DIRECTIONS => A word-for-word copy of the records is needed, with every picture left out.

Records excerpted from a collection:
• • • • • • •

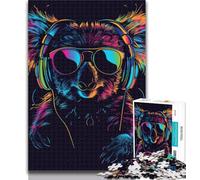 Teenager Puzzles Koala with Headphones Sunglasses Jigsaw Puzzles for Adults 1000 Pieces,Birthday Gift Idea for Adults, Family Game And Hobby 26x38cm
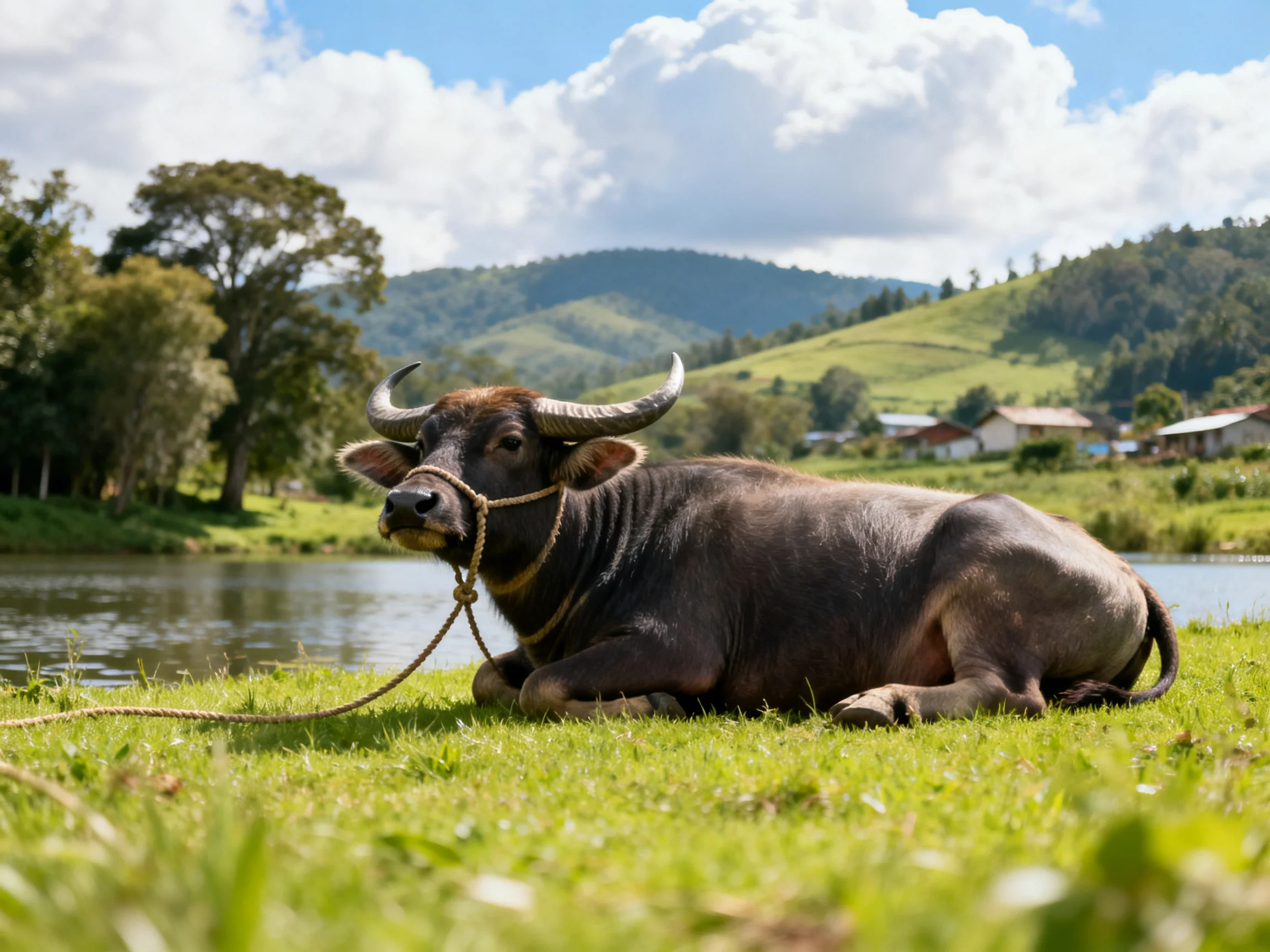 A large brown buffalo rests near a calm river with green hills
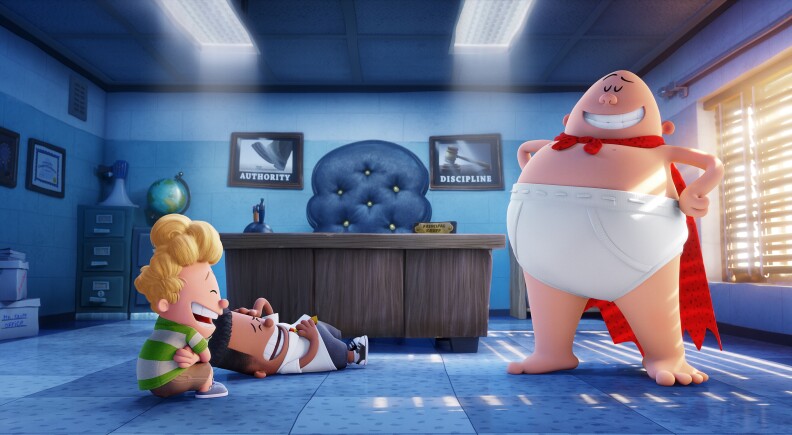 (L-R) Harold (voiced by Thomas Middleditch) and George (voiced by Kevin Hart) crack up at the sight Captain Underpants (voiced by Ed Helms) in DreamWorks Animation's "Captain Underpants: The First Epic Movie."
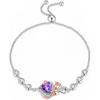 Iefil Rose Heart Birthstone Bracelets for Women
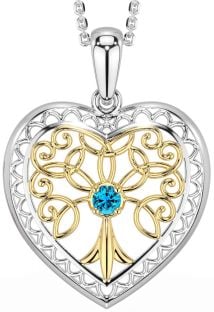 Topaz White Yellow Gold Celtic Tree of Life Heart Necklace
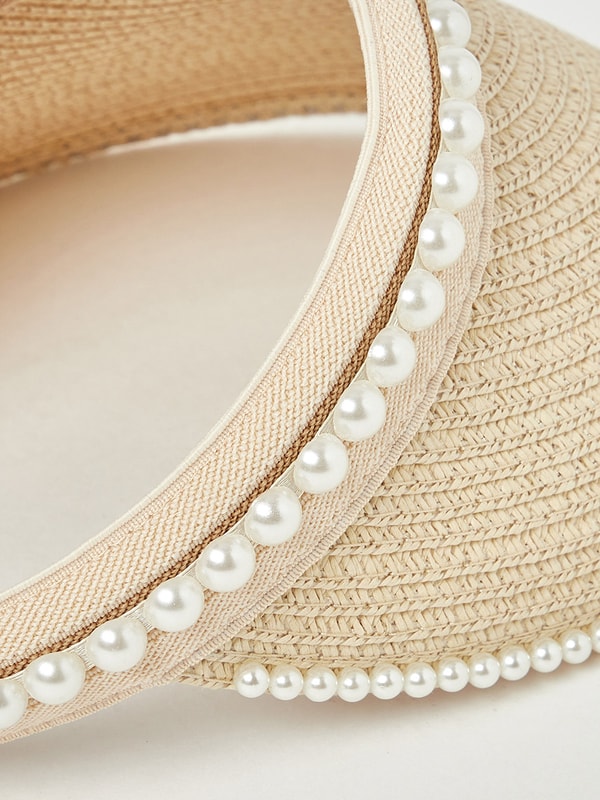 Pearl Decor Visor Hat Styli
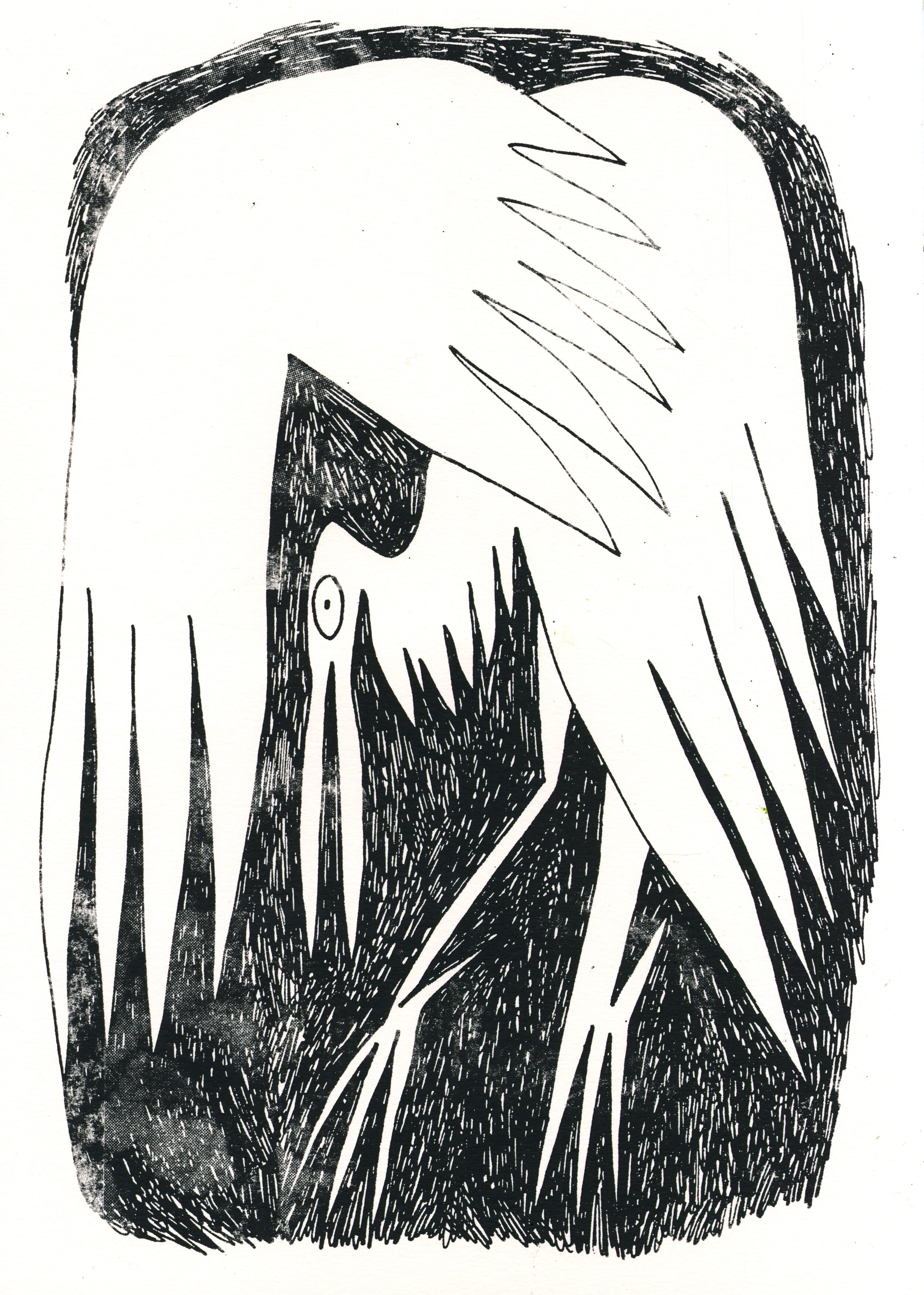  A screenprinted drawing of bird.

• • • • • • •

WRITTEN SOLUTION =>
 Teenager Puzzles Koala with Headphones Sunglasses Jigsaw Puzzles for Adults 1000 Pieces,Birthday Gift Idea for Adults, Family Game And Hobby 26x38cm
 A large brown buffalo rests near a calm river with green hills
 (L-R) Harold (voiced by Thomas Middleditch) and George (voiced by Kevin Hart) crack up at the sight Captain Underpants (voiced by Ed Helms) in DreamWorks Animation's "Captain Underpants: The First Epic Movie."
 Iefil Rose Heart Birthstone Bracelets for Women
 Topaz White Yellow Gold Celtic Tree of Life Heart Necklace
 Pearl Decor Visor Hat Styli
  A screenprinted drawing of bird.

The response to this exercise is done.